The GPU space isn't the Nintendo ecosystem though, you can use the same argument in favor (or against) Apple's walled garden. Outside of CUDA they aren't offering really anything distinguishing in the consumer space. Eventually it is all about performance & if/when AMD takes the performance crown back Nvidia will have to lower its prices, as they did a decade back, that's just a fact given the market is also shrinking. If they don't then their results will take an even bigger hit than what we saw earlier in the year. But the point about mindshare could still apply ~ someone will need to beat them at the top end, even if just for traditional PC (non RT) games.
The problem is that the old graphics performance measurements are steadily losing their ability to capture a graphics card's full functionality.
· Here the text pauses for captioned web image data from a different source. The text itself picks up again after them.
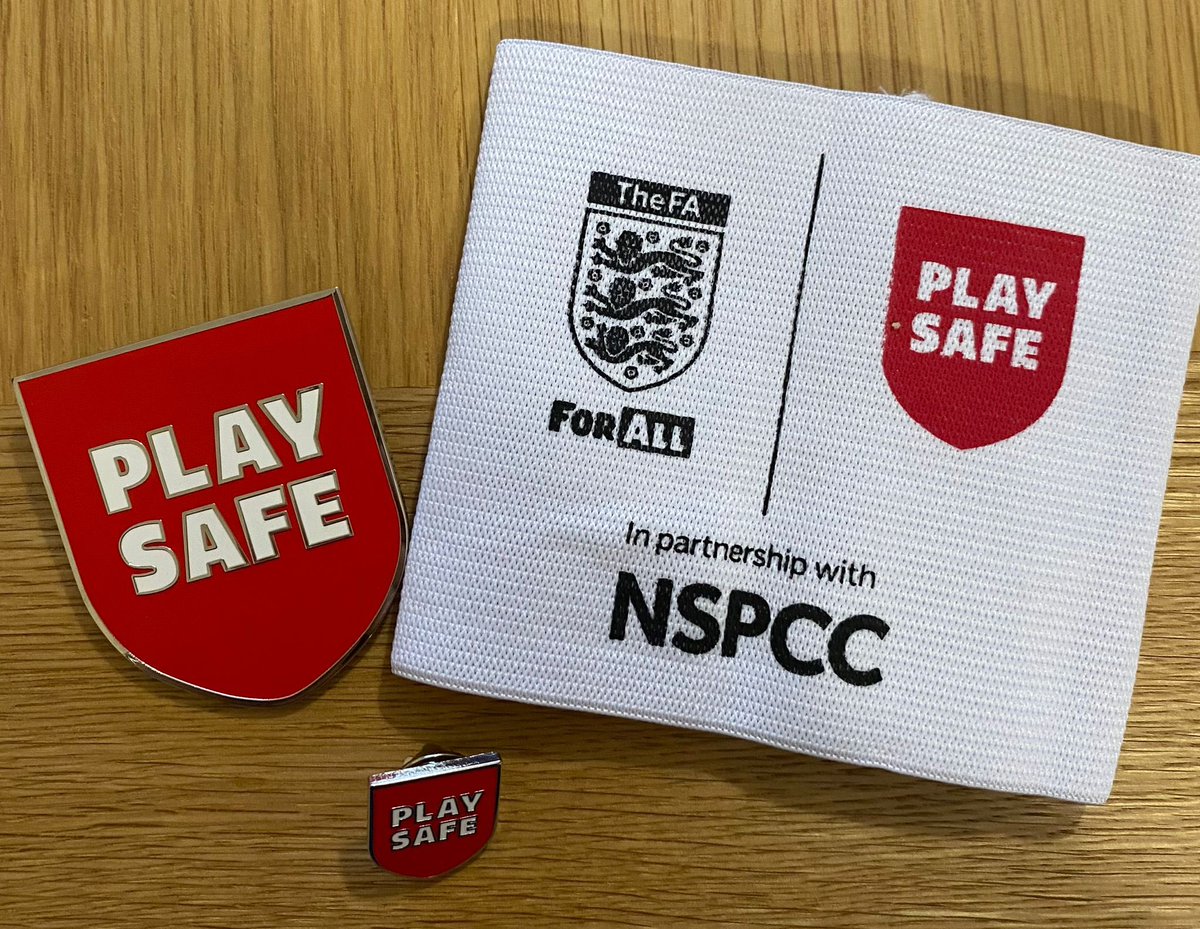 Halas Hawks Hunters Girls U13 (@halashunters23) on Twitter photo This weekend we’re supporting the FA Play Safe weekend . Thank you <a href="/BirminghamFA/">Birmingham County FA</a>, our players will be wearing armbands and receive pin badges and our coaches will be wearing pin badges - let’s create a safe place to play football. <a href="/Teamgrassroots_/">Grassroots</a> #PlaySafe #safeguarding This weekend we’re supporting the FA Play Safe weekend . Thank you <a href="/BirminghamFA/">Birmingham County FA</a>, our players will be wearing armbands and receive pin badges and our coaches will be wearing pin badges - let’s create a safe place to play football. <a href="/Teamgrassroots_/">Grassroots</a> #PlaySafe #safeguarding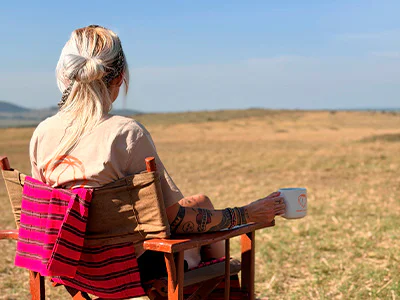 Cat drinkt koffie op de savanne in Kenia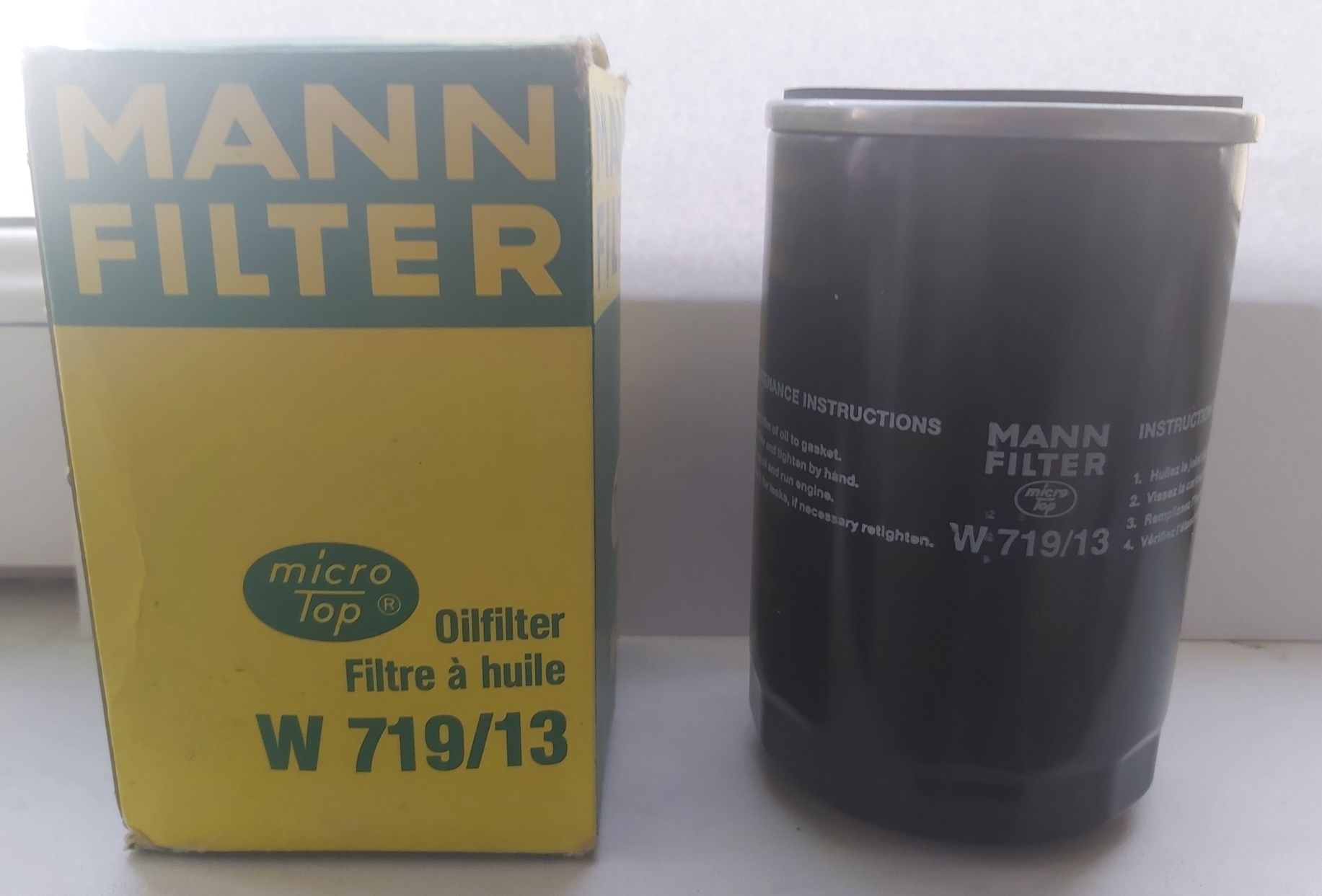 Масляний фільтр MANN-FILTER W 719/13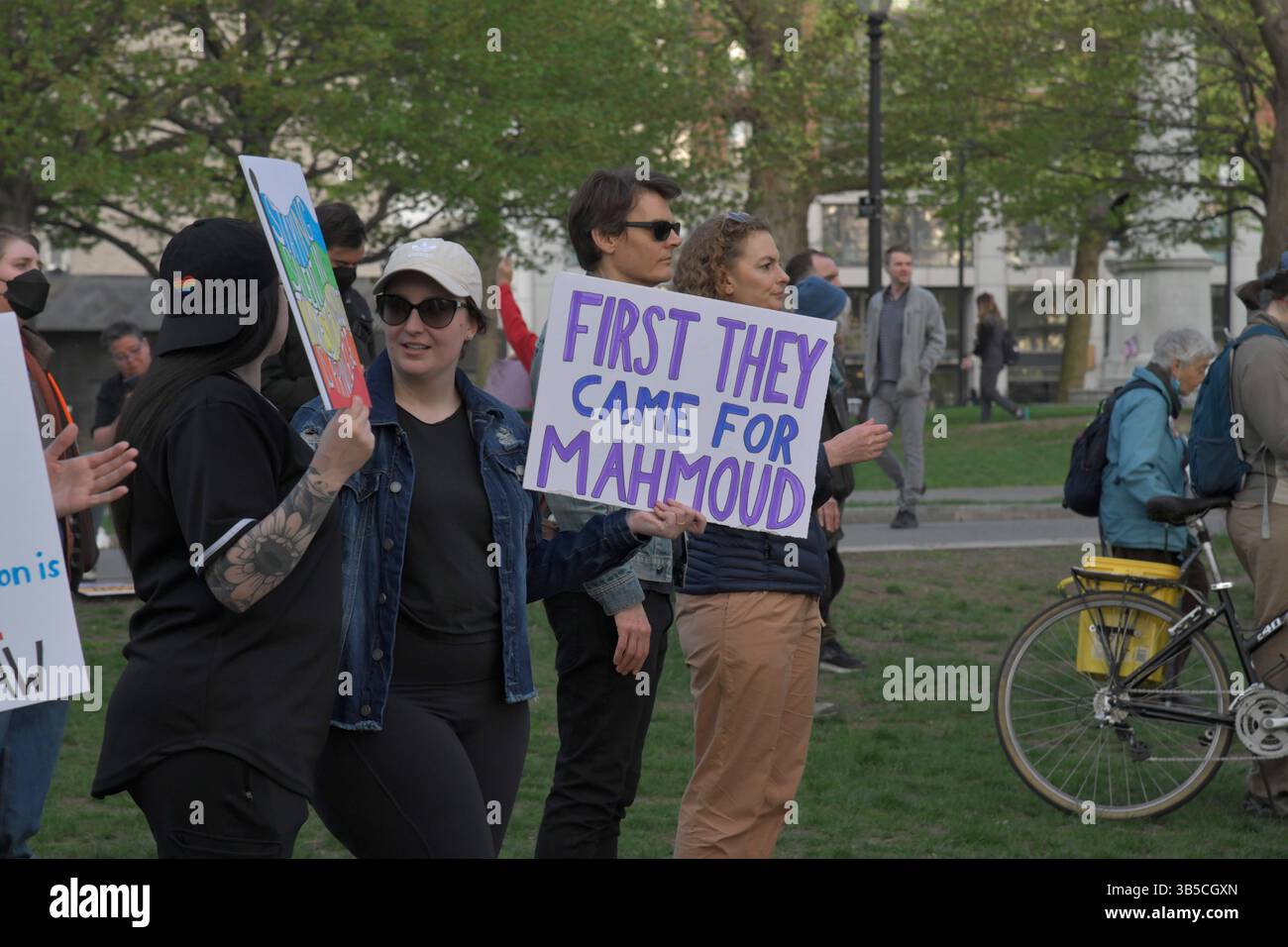Boston, Ma, USA. Mai 2025. Demonstranten am Mai-Tag, die sich überwiegend aus Gewerkschaften zusammensetzten, darunter die Massachusetts Teachers Union und andere Bildungsarbeitergewerkschaften, protestieren gegen die jüngsten Aktionen der Trump-Regierung und versprechen, sich zurückzuschlagen. (Kreditbild: © Kenneth Martin/ZUMA Press Wire) NUR REDAKTIONELLE VERWENDUNG! Nicht für kommerzielle ZWECKE! Stockfoto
We're seeing that in longer and longer graphics card reviews that now have to confront ray tracing performance as well as image upscaling technology performance (FSR, DLSS 2, DLSS 3+Frame Injection, XeSS). More and more gaming titles are including RT and upscaling technologies.
You can measure cards by pure rasterization performance but if a title has RT and DLSS support, it's more likely that the user is going to turn on those features. I'd be stupid to play
Control on my Ampere cards without RT and DLSS turned on. Even if
Shadow of the Tomb Raider's ray tracing implementation is barebones, the DLSS certainly gives an uplift.
If AMD is to retake the performance crown from NVIDIA, they will also have to do it with RT and ML cores. That specialized silicon is being used more frequently with each passing week.
Look at the iPhone and iPad. Apple has gone heavy on ML cores (they call it Neural Engine) and they are doing all sorts of things with machine learning that Geekbench don't measure. It's like Samsung claiming to be the performance champion because their Geekbench score is higher than the iPhone 14.
Joe Consumer doesn't run benchmarks. He uses the device in a variety of situations and more frequently some of those usage cases include taking advantage of differentiated and specialized silicon whether it be using hardware video codecs, image reconstruction, text recognition, etc.
The graphics card industry really needs to come up with newer metrics and measuring tools to capture these newer technology developments. The days of using 3D raster results as the yardstick for GPU performance are waning.
Mindshare is important. NVIDIA has established itself as the brand with superior performance.
For AMD to topple NVIDIA off of their perch, AMD would likely have to beat NVIDIA by a substantial margin (like 25%) across the board for a couple of GPU generations before the public perception changes on a wide scale.